Nach „Tik Tok“, dem Verdummungsportal für Analphabeten mit Aufmerksamkeitsdefiziten, sorgt mit „Temu“ nun ein Billigheimerportal mit dem Slogan „Shoppen wie ein Milliardär“ für das Abschalten der Gehirne. Was auffällt: Die Namen derartiger Produkte erinnern in ihrer kindgerechten Harmlosigkeit an den „König der Löwen“, haben mit einer aufgeklärten, selbstbestimmten und fairen – kurz gesagt „besseren“ – Welt allerdings herzlich wenig zu tun. Vielmehr ist es ein verheerendes Spiel mit gegebenen Möglichkeiten, alles immer billiger oder ganz kostenlos zu bekommen. „Billig“ und „demokratisch“ jedoch schließen sich nach unserem mühevoll über Jahrhunderte entwickelten Wertesystem fast zwangsläufig aus, weil Demokratie teuer ist, schwer zu bekommen und noch schwerer und kostenintensiver zu erhalten. Temu-Produkte sind billig und werden nicht verteidigt, sondern man kann sie leichten Herzens entsorgen, wenn sie Schrott sind.

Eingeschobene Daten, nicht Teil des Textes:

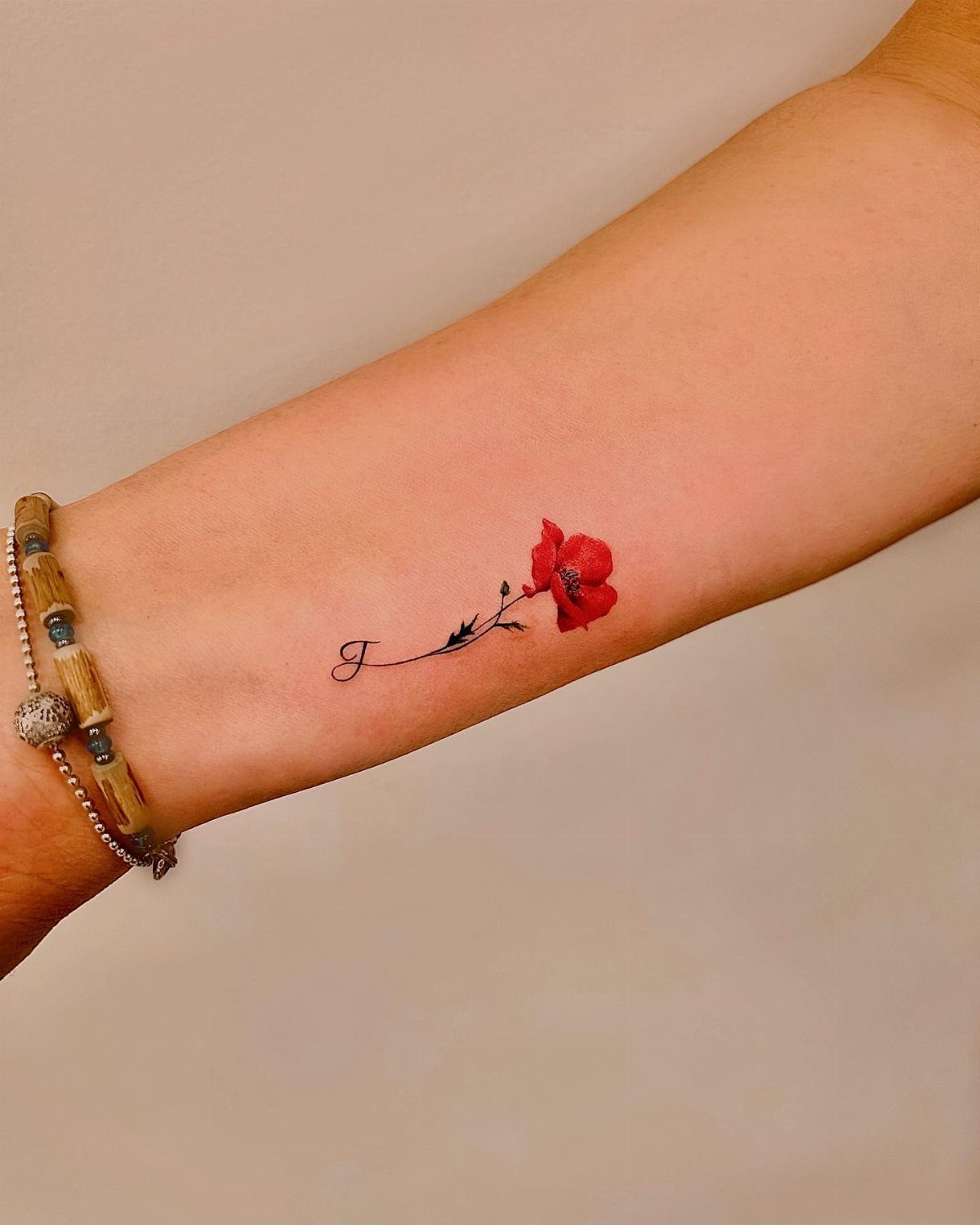 Red poppy flower tattoo with a cursive letter J on a forearm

Andersherum könnte man auch hieb- und stichfest behaupten, dass Demokratie billig sein muss: Jeder in einer Demokratie Geborene bekommt sie in die Wiege gelegt, kann kostenlos mitmachen – auch ohne zur Wahl zu gehen, sondern stattdessen zu Demos – und jeder kann in Deutschland seine eigene Partei gründen, was dem Hörensagen nach wohl preiswerter als der Führerscheinerwerb ist. So, wie man im Internet ohne besondere Kenntnisse und Qualifikationen sein eigener Meinungs-Mogul und Klickzahl-Millionär sein kann, der sich ohne je etwas verinnerlicht zu haben äußern kann, benötigt man auch dafür keine fachlichen Kompetenzen. Das einzige, was man haben sollte, ist ein gerüttet Maß an Überzeugungswillen – denn wer sich in einer Demokratie durchsetzen will, muss möglichst viel Volk hinter sich bringen. Dabei ist es ein weit verbreiteter Irrglauben, dass es eigentlich nur „Rechtspopulismus“ gibt. Wir haben heute gleichermaßen einen ausgeprägten „Mitte-Populismus“ – alle wollen ausgesprochen mittig sein und sich von den Rändern abgrenzen. Und wenn alle Mitte sind, setzt sich natürlich der Teil der Mitte durch, der sich besonders populär zu machen versteht. Fast alle Politiker arbeiten mit Schlagworten und können es sich mittlerweile leisten, auf Versprechungen zu verzichten, denn mit Angriffen auf seine politischen Gegner kann man mindestens genauso erfolgreich sein und riskiert damit nicht, wegen Nichteinhaltens seiner Versprechen abgestraft zu werden.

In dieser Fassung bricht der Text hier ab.